WORK ITEM: An exact transcription of the lines from the one holding "Cam On Beach 4-Bedroom Pool Villa,,4 star" to the end of the entries below, and nothing more, is the required answer. Please omit the pictures.

[[ SOURCE DATA, beginning ]]

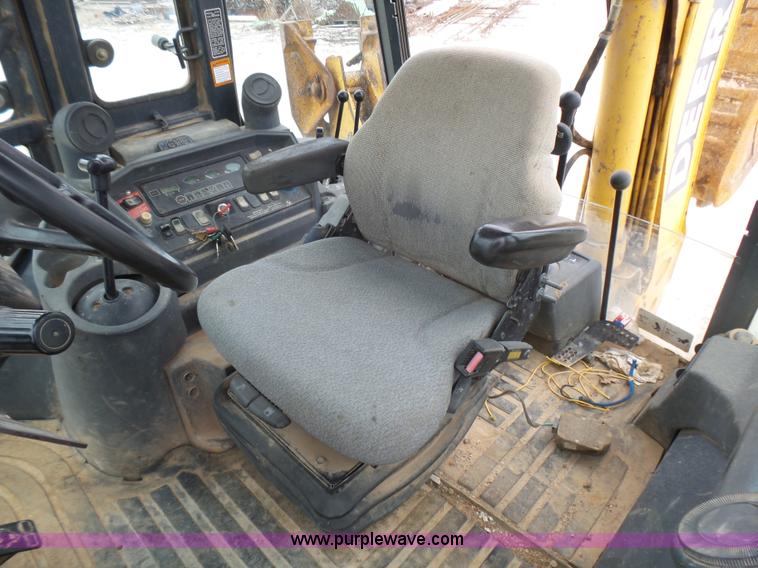 image for item L5434 2003 John Deere 310G backhoe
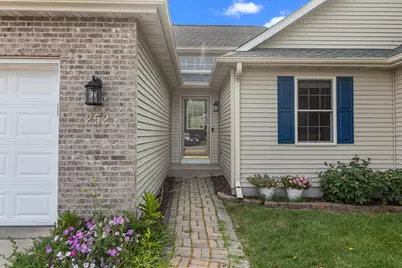 252  Cotton Grass Ln, Walworth, WI 53184 - Photo 2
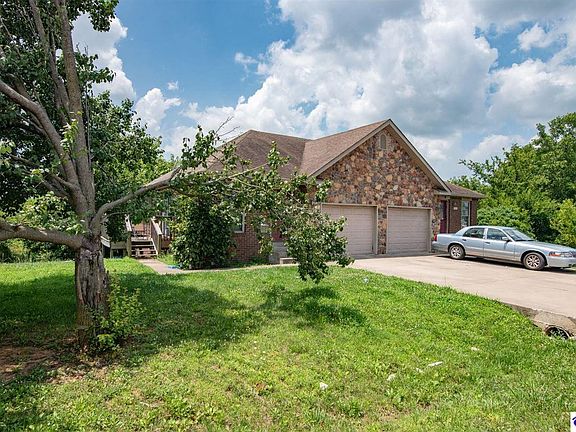4th image of 115 Wood Ln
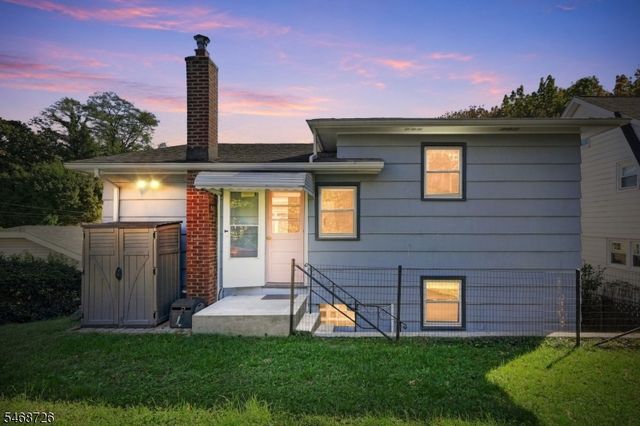 11 Freeman Pl, West Orange Twp., NJ 07052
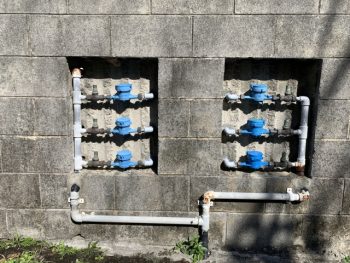 実家と同じ敷地に家を建てる場合、水道代電気代はどうするの？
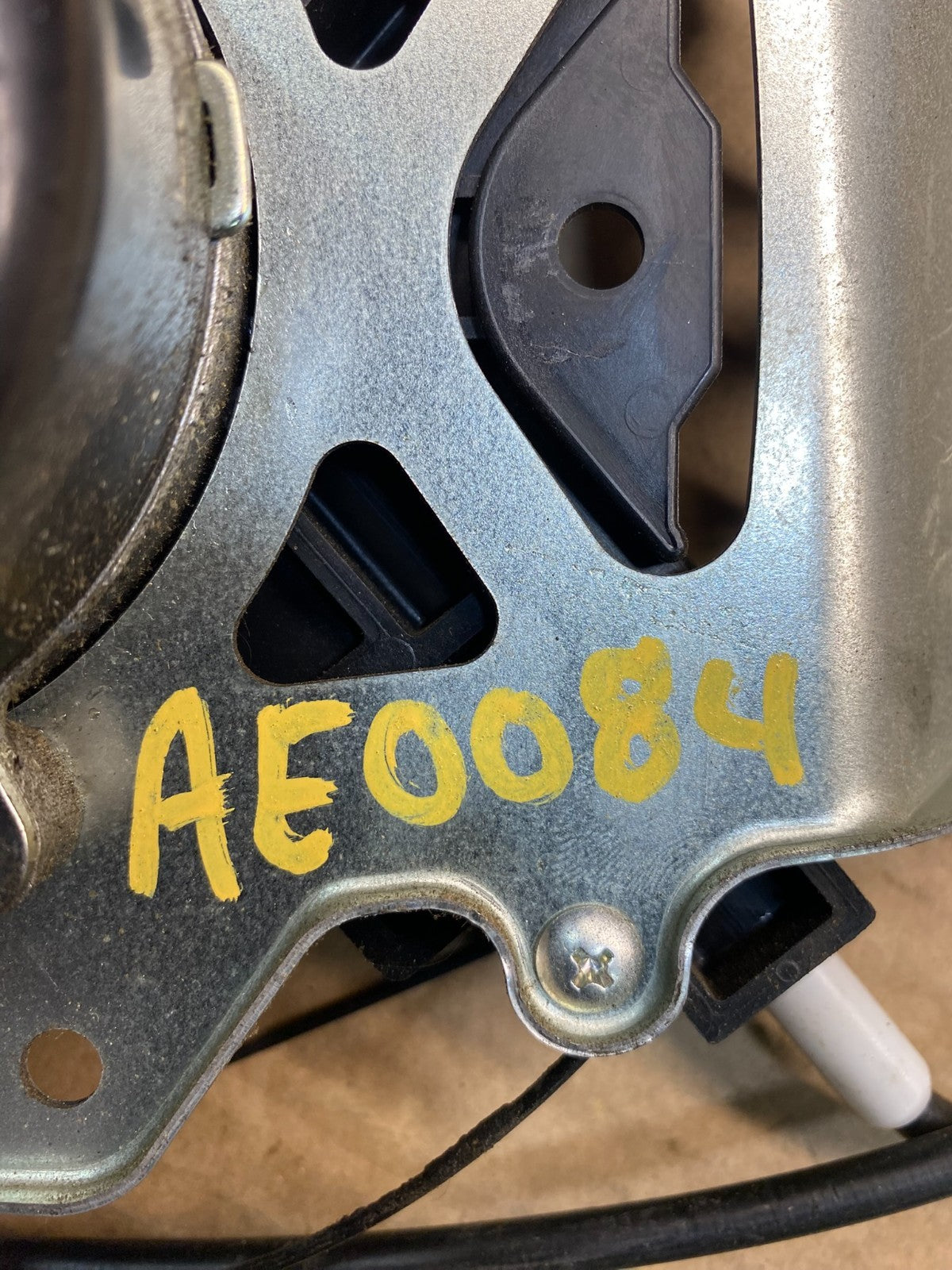 2005 - 2010 Honda Odyssey Rear Right Sliding Door Lock Actuator Motor AE0084 DG7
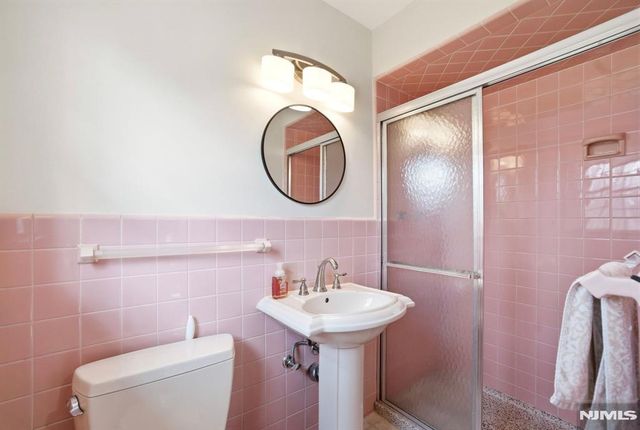 72 Lenox Road, Wayne, NJ 07470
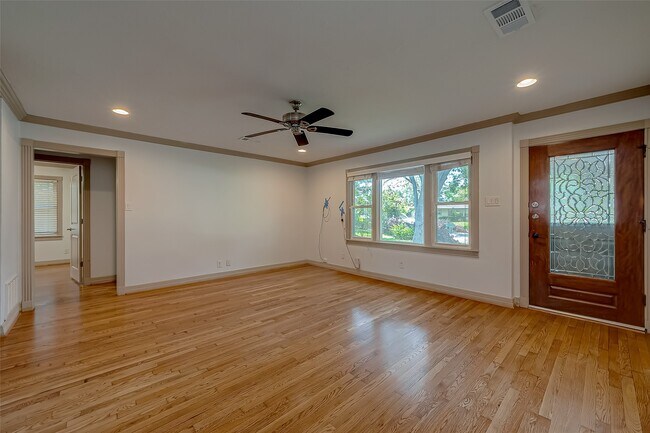 Photo - 5706 Carew St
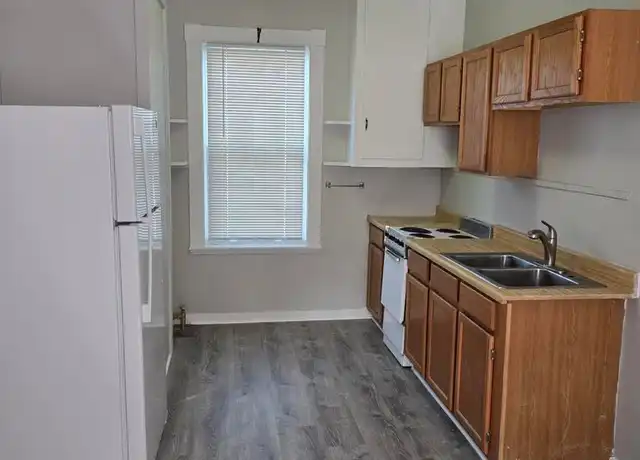 Property at 99 State St Unit 3, Brewer, ME, 04412, 1 bed, 1 bath, [object Object]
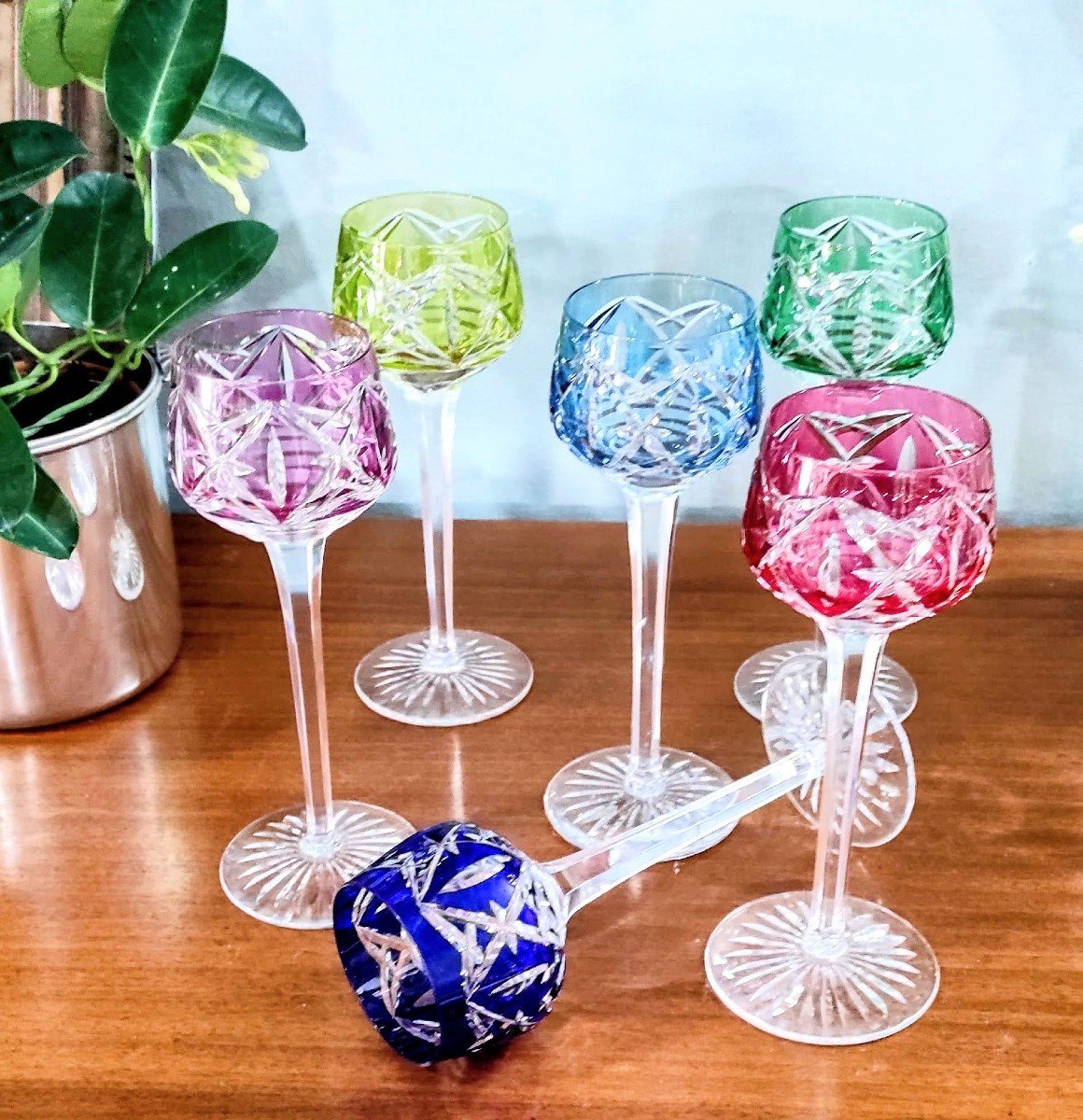 Cristallerie   Saint  Louis  Ensemble  De  6  Verres  à  Vin  Blanc  Couleur  " Roemer "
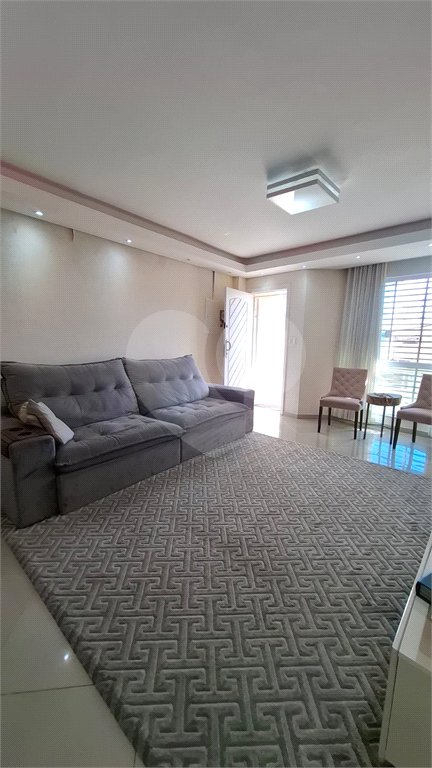 Sobrado à venda com 3 suítes em Vila Constança, São Paulo, SP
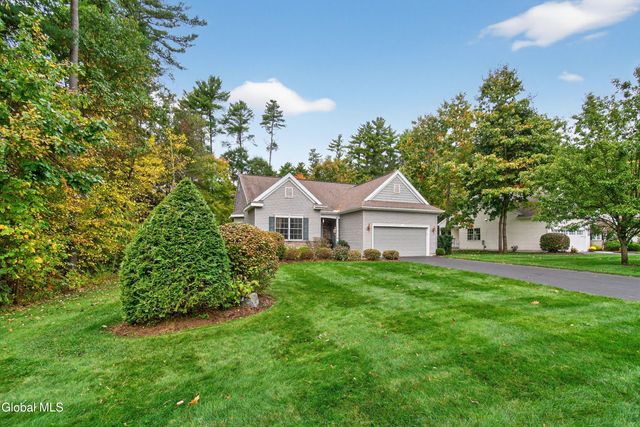 18 Amber Lane, Moreau, NY 12828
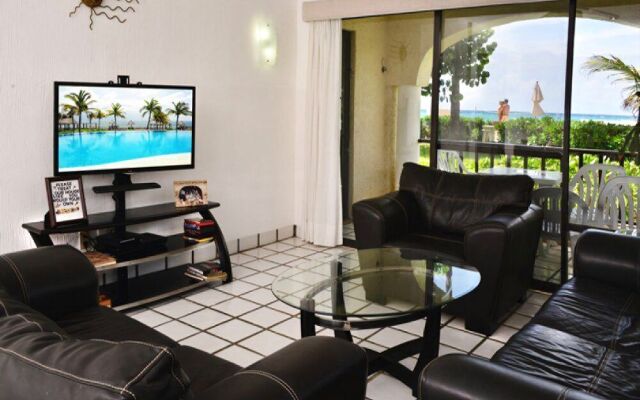 Xaman Ha Condominium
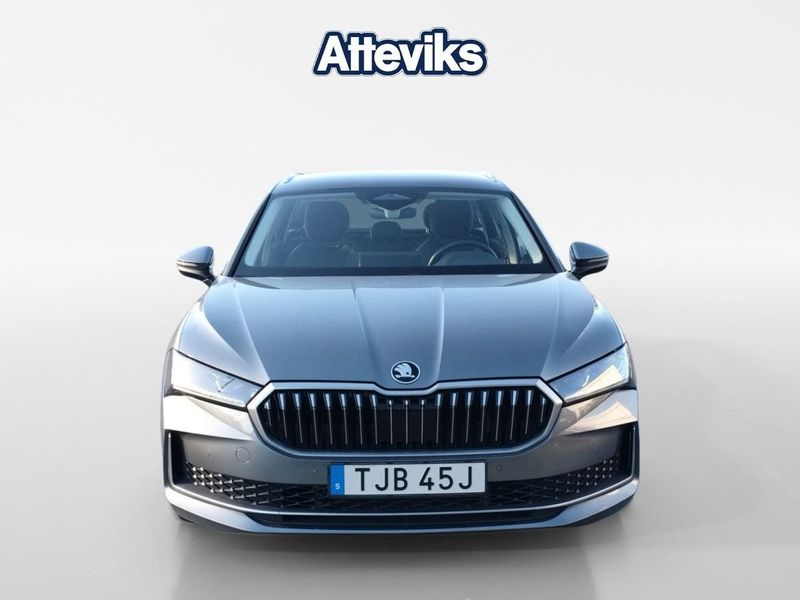 Skoda Superb bild 8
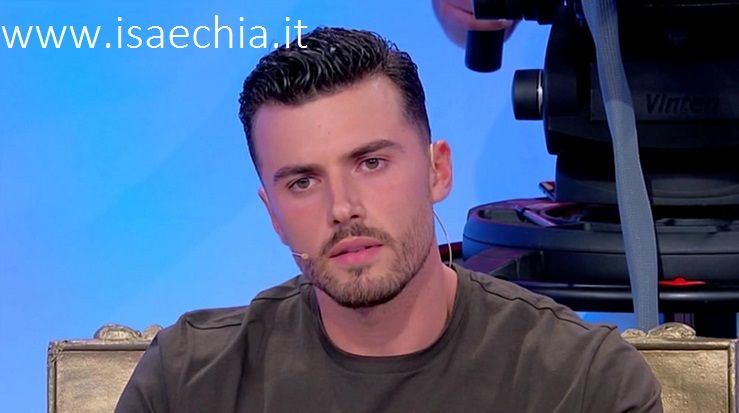 ‘Uomini e Donne’, Alessandro Zarino torna sui social: le prime parole dopo il no da Veronica Burchielli preview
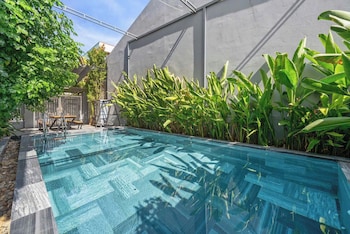Cam On Beach 4-Bedroom Pool Villa,,4 star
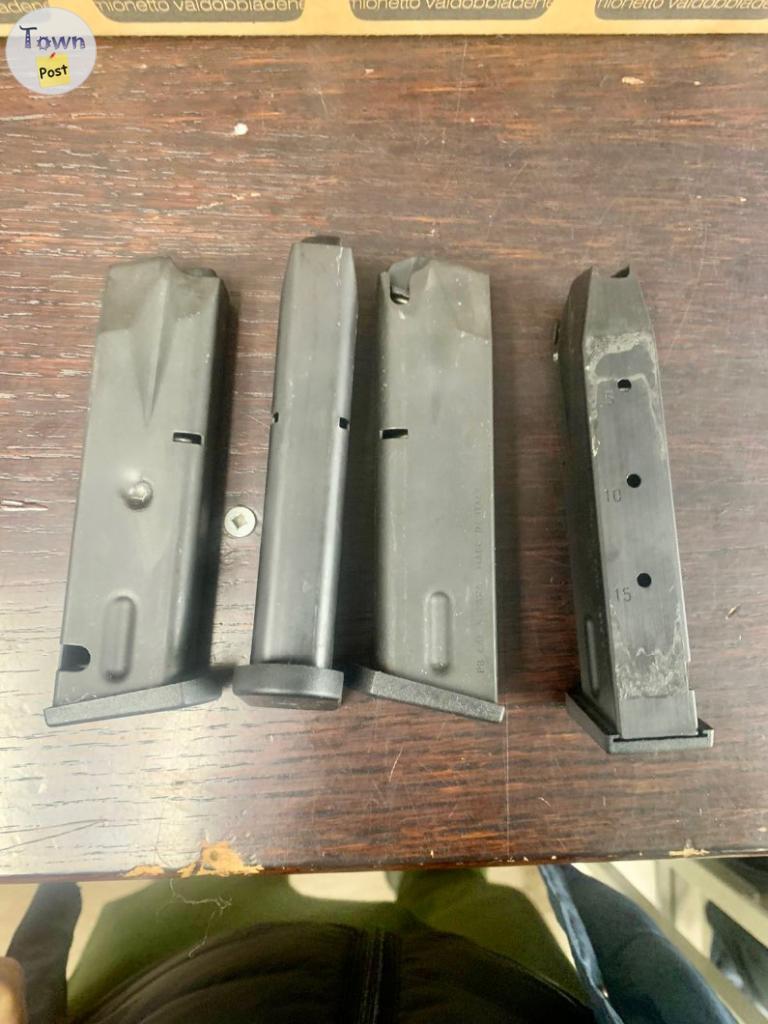 Photo of BERETTA 92FS 9mm magazines 10/15 rounds 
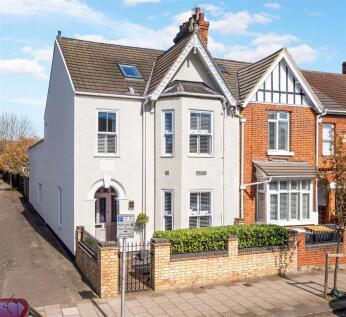 260406 - 46 Castle Road, Bedford - 02.jpg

[[ SOURCE DATA, end ]]

RESPONSE:
Cam On Beach 4-Bedroom Pool Villa,,4 star
 Photo of BERETTA 92FS 9mm magazines 10/15 rounds 
 260406 - 46 Castle Road, Bedford - 02.jpg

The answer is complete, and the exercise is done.